In Turk's version, Vladimir and Estragon, the tramps in Samuel Beckett's original, have been transformed into Marcel Duchamp and Joseph Beuys; the vile plutocrat, Pozzo, is a greedy art patron named Scratchy (the echo with Britain's Charles Saatchi is no coincidence), while Lucky, his slave, has become Andy Warhol.
As with all Turk's figures, such as his waxwork of Sid Vicious, which appeared in the Royal Academy's "Sensation" show, or his reworking of David's Death of Marat, the faces are modelled on his own; but Gavo, of course, does not appear. The dark shadows of the cloaked puppeteers are the only human presences glimpsed.
There are references to Munch, Caro, Koons and Rothko, and when Duchamp and Beuys start abusing each other their insults include not only "moron" and "cretin" but also "curator" and "critic" - that last term is meant to be particularly offensive. The performance has humorous elements, but Turk's characterisation of Scratchy and Andy is scathing, to say the least. "I would not associate with artists such as yourselves unless you were going to make me a great deal of money," says Scratchy at one point. "Guess who taught me all these beautiful things," he says later. "My Andy."
This is the same Andy who admits: "I'll endorse my name with any of the following: clothing, cigarettes, sound equipment, food, helium, whips, money. If you want to look at Andy you just look at the surface. There's nothing behind it."
Noting the "vampiric" tendencies of Warhol's working method, Turk tells me he chose Warhol, Beuys and Duchamp because "they've become caricatures of artists - they've crossed the bridge from their art being separate from their lives to their lives being artworks in themselves".

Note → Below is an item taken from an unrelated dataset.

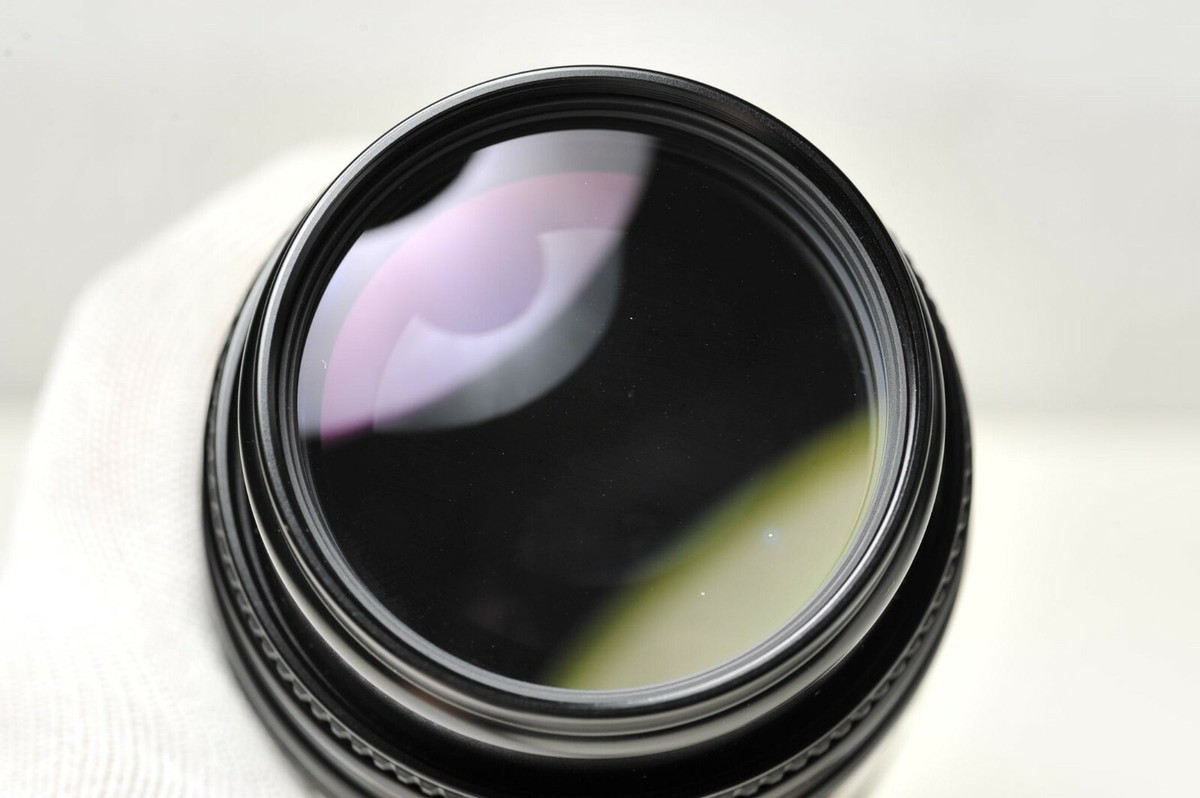 Sigma AF Zoom 75-200mm F3.8 for Nikon For Repairs [3075738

Why Beckett? "He's one of those important cultural influences on me, and I share that with other people in the studio," says Turk, who shared the writing with members of his studio. "Beckett turns five minutes of thought process into 30 minutes on stage. It eludes any resolved philosophical portrait, so it's much closer to conceptual art in that way."
The next performance is at the Spice Festival in Hackney on 13 July. After that, who knows - the West End, perhaps? "It could become a tourist fixture," jokes Turk. "Perhaps we should recreate the Mousetrap next."